The search for biblical treasures starting in the 19th century fundamentally changed the way Westerners, including Jews, saw Jerusalem. The consequences were enormous

By Andrew Lawler, Published January 3, 2022

This newfound fascination with Jerusalem also was wrapped up with the Protestant idea that the Jews must return to the Holy Land to enable the second coming of Jesus. This interpretation of scripture became increasingly influential in the mid-19th century.

These Protestant “Christian Zionists” helped found the Palestine Exploration Fund, a British society organized in 1865 with Queen Victoria’s assent, following surveys of Palestine in general and Jerusalem in particular. The fund sent British military officers to map the territory beneath Jerusalem in the hopes of finding the tombs of David and Solomon, the vanished Temple treasures, and other artifacts relating to the Old Testament. One of the most adventurous of these was Charles Warren, a pious Anglican known to use gunpowder to blast his way through blocked passages. This practice unnerved Arab Muslims, who suspected his true goal was to undermine the “Noble Sanctuary”, or Temple Mount.

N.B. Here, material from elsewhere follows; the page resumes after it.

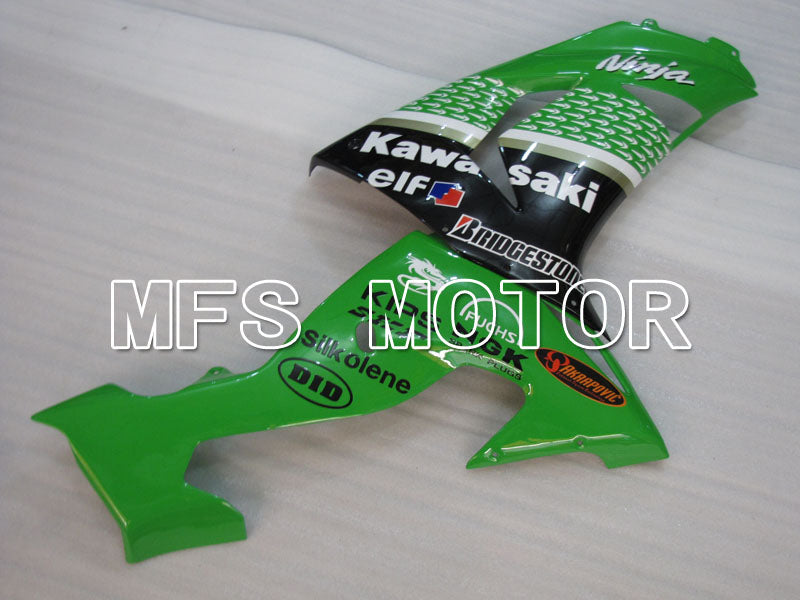 Carénage ABS injecté Kawasaki NINJA ZX10R 2006-2007 - Style usine - Noir Vert - MFS4022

The excavators found no Solomonic gold or silver, but the tunnels they burrowed and exposed garnered widespread press attention. These quickly became major attractions for the European and American tourists who now flocked to the city, thanks to new steamboat lines and a more welcoming Ottoman regime. Jerusalem became a destination for thousands of curious Westerners, mainly Protestants with disposable incomes. They were often repelled by Catholic and Greek Orthodox shrines celebrating Jesus and Mary, which they viewed as idolatrous. Instead, they were drawn to digs by Warren and his colleagues, who were seeking to unearth evidence of the kings and prophets of the Old Testament,

Meanwhile, many Muslim Arab and Sephardic Jewish residents of Jerusalem remained hostile to digs that they feared threatened the foundations of their homes and sacred sites. The small but growing community of Ashkenazi Jews, however, were intrigued. In the late 1860s, Warren took a group of local Ashkenazi rabbis on a subterranean tour, guiding them past treacherous pits and open cisterns of what is now part of the Western Wall Tunnels complex – a tunnel that exposes the foundation of the wall over hundreds of meters beneath the Muslim Quarter.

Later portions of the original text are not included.